A405: Problematisch gebruik van overige middelen

Deze problemen zijn in het classificatiesysteem CAP-J onderdeel van:

  • As A: Psychosociaal functioneren jeugdige
  • A400: Gebruik van middelen/verslaving

Kenmerken

Bij deze problematiek is er sprake van middelengebruik op een zodanige manier dat hierdoor lichamelijke, psychische of sociale problemen ontstaan bij een jeugdige, of op een zodanige manier dat maatschappelijke overlast ontstaat. Het gebruik is niet leeftijdsadequaat, maar moet ook niet verward worden met een stoornis in het gebruik van middelen. In de DSM 5 wordt verslaving 'een stoornis in het gebruik van middelen' genoemd. Om vast te stellen of daar sprake van is, zijn er elf kenmerken opgesteld:

  1. vaker en in grotere hoeveelheden gebruiken dan het plan was
  2. mislukte pogingen om te minderen of te stoppen
  3. gebruik en herstel van gebruik kosten veel tijd
  4. sterk verlangen om te gebruiken
  5. door gebruik tekortschieten op het werk, school of thuis
  6. blijven gebruiken ondanks dat het problemen meebrengt op het relationele vlak
  7. door gebruik opgeven van hobby's, sociale activiteiten of werk
  8. voortdurend gebruik, zelfs wanneer de betrokkene daardoor in gevaar komt
  9. voortdurend gebruik ondanks weet hebben dat het gebruik lichamelijke of psychische problemen met zich mee brengt of verergert
  10. grotere hoeveelheden nodig hebben om het effect nog te voelen oftewel tolerantie
  11. het optreden van onthoudingsverschijnselen, die minder hevig worden door meer van de stof te gebruiken.

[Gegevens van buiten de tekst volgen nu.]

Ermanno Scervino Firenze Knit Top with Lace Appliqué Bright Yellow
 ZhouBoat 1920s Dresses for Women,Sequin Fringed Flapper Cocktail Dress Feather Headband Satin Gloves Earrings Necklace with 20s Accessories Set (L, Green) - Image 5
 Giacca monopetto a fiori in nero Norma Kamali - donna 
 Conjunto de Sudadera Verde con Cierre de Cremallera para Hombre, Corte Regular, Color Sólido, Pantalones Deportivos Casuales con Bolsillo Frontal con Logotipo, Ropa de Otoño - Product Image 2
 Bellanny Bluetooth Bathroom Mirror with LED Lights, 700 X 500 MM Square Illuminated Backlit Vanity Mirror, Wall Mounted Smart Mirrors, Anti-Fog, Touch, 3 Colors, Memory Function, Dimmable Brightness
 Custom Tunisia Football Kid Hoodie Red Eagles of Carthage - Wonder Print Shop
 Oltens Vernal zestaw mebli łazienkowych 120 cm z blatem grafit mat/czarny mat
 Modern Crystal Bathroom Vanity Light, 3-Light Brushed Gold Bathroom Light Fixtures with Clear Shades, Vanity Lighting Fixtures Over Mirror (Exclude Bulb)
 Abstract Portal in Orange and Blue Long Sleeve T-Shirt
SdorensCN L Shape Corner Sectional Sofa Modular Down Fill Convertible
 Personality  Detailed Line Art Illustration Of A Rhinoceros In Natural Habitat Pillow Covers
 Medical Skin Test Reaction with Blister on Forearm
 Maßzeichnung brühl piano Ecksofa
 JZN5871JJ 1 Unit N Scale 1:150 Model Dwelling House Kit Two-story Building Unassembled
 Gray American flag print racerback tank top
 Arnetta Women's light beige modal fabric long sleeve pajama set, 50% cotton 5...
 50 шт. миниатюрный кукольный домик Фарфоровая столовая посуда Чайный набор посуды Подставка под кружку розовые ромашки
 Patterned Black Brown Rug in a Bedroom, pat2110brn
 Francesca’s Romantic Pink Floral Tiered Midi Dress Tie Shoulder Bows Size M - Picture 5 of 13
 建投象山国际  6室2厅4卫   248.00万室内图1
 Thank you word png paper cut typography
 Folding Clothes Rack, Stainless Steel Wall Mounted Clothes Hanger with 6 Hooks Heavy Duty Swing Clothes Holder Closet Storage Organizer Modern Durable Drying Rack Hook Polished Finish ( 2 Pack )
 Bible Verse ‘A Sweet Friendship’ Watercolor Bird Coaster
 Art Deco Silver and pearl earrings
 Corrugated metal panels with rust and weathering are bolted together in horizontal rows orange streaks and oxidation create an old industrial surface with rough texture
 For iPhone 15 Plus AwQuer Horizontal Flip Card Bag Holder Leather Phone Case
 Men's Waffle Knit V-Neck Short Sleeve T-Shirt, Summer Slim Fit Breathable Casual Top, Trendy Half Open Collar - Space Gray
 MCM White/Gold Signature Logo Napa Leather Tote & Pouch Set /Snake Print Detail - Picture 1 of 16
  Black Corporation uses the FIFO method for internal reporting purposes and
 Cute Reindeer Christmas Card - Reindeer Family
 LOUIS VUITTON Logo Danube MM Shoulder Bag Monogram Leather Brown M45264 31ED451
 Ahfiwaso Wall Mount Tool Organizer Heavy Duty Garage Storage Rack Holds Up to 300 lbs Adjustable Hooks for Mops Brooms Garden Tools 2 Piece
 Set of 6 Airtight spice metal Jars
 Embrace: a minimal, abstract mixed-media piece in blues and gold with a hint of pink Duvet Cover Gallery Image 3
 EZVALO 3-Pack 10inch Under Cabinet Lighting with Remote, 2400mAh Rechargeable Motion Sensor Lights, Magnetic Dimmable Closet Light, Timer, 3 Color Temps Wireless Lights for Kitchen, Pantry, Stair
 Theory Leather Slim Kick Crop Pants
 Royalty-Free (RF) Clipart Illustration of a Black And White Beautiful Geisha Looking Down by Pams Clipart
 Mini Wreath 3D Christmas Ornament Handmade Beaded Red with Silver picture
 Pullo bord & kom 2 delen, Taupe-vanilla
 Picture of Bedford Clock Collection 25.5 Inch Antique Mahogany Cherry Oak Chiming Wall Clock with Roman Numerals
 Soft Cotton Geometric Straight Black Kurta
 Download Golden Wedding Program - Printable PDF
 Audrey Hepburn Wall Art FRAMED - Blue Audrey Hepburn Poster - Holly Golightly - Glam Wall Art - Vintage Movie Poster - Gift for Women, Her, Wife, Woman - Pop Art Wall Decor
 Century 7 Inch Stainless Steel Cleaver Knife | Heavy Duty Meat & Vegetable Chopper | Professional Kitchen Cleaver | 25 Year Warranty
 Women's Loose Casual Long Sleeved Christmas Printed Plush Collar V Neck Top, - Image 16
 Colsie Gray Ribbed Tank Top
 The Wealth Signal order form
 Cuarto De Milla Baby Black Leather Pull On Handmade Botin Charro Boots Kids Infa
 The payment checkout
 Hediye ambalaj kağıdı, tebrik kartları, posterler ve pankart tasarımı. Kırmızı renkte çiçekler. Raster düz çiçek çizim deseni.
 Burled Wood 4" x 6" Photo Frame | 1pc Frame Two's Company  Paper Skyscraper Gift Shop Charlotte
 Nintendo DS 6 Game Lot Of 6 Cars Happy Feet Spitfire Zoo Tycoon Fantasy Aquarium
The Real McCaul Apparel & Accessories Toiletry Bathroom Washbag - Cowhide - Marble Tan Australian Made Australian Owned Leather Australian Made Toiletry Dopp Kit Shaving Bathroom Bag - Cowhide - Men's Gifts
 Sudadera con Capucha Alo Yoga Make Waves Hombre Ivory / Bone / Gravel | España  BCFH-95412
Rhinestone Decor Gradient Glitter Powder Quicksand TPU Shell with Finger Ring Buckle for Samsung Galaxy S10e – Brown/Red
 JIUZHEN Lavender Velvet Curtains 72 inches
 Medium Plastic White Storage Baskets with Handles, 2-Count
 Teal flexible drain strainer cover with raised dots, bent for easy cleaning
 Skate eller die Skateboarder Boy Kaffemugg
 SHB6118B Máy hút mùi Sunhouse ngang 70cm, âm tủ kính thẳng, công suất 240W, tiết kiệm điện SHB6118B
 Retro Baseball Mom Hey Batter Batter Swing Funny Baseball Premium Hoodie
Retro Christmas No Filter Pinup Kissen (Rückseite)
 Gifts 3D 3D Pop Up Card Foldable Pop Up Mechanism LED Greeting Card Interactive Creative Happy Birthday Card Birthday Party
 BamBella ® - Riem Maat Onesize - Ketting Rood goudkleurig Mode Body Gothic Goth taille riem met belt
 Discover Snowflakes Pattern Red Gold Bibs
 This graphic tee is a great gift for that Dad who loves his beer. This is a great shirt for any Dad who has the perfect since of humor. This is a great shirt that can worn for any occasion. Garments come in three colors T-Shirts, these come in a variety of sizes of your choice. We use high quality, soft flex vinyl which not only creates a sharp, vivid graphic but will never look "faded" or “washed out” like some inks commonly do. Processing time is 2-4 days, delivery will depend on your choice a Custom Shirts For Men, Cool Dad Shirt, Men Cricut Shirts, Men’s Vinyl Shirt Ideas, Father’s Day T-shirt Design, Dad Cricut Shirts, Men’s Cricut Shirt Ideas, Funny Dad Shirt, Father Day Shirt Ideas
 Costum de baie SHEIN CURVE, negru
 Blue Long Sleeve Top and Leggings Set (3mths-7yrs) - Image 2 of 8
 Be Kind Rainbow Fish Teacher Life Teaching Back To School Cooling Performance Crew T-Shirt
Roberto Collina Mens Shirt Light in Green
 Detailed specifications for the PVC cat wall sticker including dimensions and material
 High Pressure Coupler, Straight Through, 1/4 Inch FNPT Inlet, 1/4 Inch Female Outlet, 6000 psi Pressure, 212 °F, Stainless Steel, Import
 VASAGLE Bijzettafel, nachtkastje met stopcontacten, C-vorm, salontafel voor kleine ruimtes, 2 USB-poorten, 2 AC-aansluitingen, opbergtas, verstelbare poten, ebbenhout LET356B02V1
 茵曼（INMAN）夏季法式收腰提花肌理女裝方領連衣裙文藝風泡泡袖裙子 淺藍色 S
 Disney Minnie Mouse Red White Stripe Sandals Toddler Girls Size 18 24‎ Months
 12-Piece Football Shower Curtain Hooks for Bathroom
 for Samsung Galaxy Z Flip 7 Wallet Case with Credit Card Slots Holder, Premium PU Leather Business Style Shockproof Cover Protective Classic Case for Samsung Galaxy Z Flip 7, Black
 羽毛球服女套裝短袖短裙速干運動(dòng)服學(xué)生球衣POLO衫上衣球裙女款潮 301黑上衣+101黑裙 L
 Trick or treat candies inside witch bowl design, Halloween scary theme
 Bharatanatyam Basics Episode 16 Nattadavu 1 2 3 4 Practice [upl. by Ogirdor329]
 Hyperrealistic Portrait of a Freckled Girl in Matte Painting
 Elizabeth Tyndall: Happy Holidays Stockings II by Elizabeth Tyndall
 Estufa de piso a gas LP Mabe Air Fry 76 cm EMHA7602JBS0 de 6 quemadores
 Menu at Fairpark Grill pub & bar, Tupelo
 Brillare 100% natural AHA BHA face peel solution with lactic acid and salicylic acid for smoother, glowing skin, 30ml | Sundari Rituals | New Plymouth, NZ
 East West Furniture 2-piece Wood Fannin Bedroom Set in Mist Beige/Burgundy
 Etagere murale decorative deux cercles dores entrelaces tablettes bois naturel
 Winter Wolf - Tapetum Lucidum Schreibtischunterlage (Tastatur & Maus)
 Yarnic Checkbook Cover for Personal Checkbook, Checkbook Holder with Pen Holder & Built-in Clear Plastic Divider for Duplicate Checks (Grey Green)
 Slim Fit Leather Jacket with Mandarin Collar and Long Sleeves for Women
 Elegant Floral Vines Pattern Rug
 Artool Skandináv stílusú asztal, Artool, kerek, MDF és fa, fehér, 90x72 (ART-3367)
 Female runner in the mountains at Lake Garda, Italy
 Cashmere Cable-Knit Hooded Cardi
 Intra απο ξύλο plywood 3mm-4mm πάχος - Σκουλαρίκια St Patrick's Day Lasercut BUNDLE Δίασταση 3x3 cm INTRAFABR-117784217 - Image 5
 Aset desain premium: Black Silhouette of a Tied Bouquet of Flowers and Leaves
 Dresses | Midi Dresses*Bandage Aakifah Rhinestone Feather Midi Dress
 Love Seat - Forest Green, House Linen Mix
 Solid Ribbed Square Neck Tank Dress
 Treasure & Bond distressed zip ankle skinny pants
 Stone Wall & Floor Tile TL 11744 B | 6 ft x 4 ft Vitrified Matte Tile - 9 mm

Het problematisch gebruik van middelen komt onder meer tot uiting door:

  • spijbelen
  • stemmingswisselingen
  • liegen
  • onttrekken aan sportactiviteiten
  • ontlopen van niet-gebruikende vrienden
  • 'blind spots' (ofwel periodes waarin ouders niet weten wat de jeugdige doet of waar hij is)
  • maken van schulden ten behoeve van het middelengebruik
  • ontwenningsverschijnselen
  • slaapproblemen
  • teruglopende schoolprestaties
  • in aanraking komen met de politie
  • crimineel gedrag en gezondheidsproblemen (zoals verminderd gewicht).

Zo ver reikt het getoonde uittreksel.